Patients in pain do not seek treatment

A Mayo Clinic College of Medicine study finds more than 20 percent of cancer patients in chronic pain do not ask for pain medicine or help with pain management. The researchers, who refer to these patients as "silent sufferers," admit they do not report pain to their physician. Researchers of this study say that the reasons for not seeking pain relief are unclear, but speculate some of the reasons may be poor previous experiences with pain care, perceived lack of effective treatments, and barriers to health care from a lack of medical insurance. 
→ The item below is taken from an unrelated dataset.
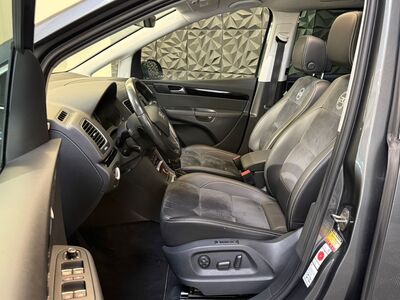 Seat Alhambra Gebrauchtwagen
As a cancer survivor with long-term chronic pain issues, I can share a perspective and experience not clearly stated in this study, that other cancer patients with chronic pain know all too well, when seeking pain relief from physicians. There are no easy answers when it comes to pain management. The most effective pain management relief comes from the prescription of narcotic medication. Regular use of narcotic medication to relieve pain may lead to drug dependence. Narcotic pain medication is heavily monitored by the DEA, and many physicians are reluctant to draw attention to their practice by prescribing narcotic pain medication. My guess is that the 20 percent of cancer patients with chronic pain gave up, somewhere in the process, after being put in a position of being made to feel like a drug addict, or having to fight for effective medical care for a real medical condition. The pain becomes easier to deal with, than the ordeal of trying to get help for pain relief.